From 126a8453a549837b44d2bfe99466f6f7814b79c8 Mon Sep 17 00:00:00 2001
From: Matthew Honnibal <matthew@honnibal.com>
Date: Fri, 12 Sep 2014 23:50:37 +0200
Subject: [PATCH] * Fix performance issues by implementing a better cache. Add
 own String struct to help

---
 spacy/en.pyx   |   4 +-
 spacy/lang.pxd |  14 ++++--
 spacy/lang.pyx | 132 +++++++++++++++++++++++++++++++------------------
 3 files changed, 95 insertions(+), 55 deletions(-)

diff --git a/spacy/en.pyx b/spacy/en.pyx
index 9d9f4f596..eb2486711 100644
--- a/spacy/en.pyx
+++ b/spacy/en.pyx
@@ -236,8 +236,8 @@ cdef class English(Language):
     fl_is_digit = Flag_IsDigit
     v_shape = View_WordShape
     def __cinit__(self, name, user_string_features, user_flag_features):
-        self.cache = {}
-        self.specials = {}
+        self.cache.set_empty_key(0)
+        self.specials.set_empty_key(0)
         lang_data = util.read_lang_data(name)

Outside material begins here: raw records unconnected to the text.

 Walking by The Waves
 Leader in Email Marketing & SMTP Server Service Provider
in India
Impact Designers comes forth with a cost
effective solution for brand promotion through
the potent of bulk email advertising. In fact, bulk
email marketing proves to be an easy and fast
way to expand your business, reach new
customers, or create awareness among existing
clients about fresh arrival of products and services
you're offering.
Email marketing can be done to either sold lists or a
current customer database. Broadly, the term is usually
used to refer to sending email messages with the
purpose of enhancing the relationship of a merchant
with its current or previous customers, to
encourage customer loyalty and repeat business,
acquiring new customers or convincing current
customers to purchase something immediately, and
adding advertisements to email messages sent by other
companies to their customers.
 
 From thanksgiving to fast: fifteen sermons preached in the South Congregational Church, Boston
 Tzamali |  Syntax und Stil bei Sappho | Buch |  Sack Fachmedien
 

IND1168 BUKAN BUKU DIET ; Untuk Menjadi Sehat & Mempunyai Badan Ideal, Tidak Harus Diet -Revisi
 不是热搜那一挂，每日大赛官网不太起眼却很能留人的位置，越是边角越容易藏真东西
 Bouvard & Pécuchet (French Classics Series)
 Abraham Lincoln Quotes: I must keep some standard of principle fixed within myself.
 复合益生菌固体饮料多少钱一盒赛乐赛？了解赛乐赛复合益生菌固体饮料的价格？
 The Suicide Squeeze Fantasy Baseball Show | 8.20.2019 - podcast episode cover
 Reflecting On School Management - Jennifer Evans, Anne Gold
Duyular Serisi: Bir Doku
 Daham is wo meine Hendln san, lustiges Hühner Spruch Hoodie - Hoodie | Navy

         rules, words, probs, clusters, case_stats, tag_stats = lang_data
         self.lexicon = lang.Lexicon(words, probs, clusters, case_stats, tag_stats,
diff --git a/spacy/lang.pxd b/spacy/lang.pxd
index 094b3d580..5d9cab2d7 100644
--- a/spacy/lang.pxd
+++ b/spacy/lang.pxd
@@ -57,11 +57,17 @@ cdef extern from "sparsehash/dense_hash_map" namespace "google":
         D& operator[](K&) nogil
 
 
+cdef struct String:
+    Py_UNICODE* chars
+    size_t n
+    uint64_t key
+
+
 cdef class Lexicon:
     cpdef readonly size_t size
 
     cpdef Lexeme lookup(self, unicode string)
-    cdef size_t get(self, Py_UNICODE* characters, size_t length)
+    cdef size_t get(self, String* s)
     
     cdef dense_hash_map[uint64_t, size_t] _dict
     
@@ -71,13 +77,13 @@ cdef class Lexicon:
 
 cdef class Language:
     cdef unicode name
-    cdef dict cache
-    cdef dict specials
+    cdef dense_hash_map[uint64_t, size_t] cache
+    cdef dense_hash_map[uint64_t, size_t] specials
     cpdef readonly Lexicon lexicon
     cpdef readonly object tokens_class
 
     cpdef Tokens tokenize(self, unicode text)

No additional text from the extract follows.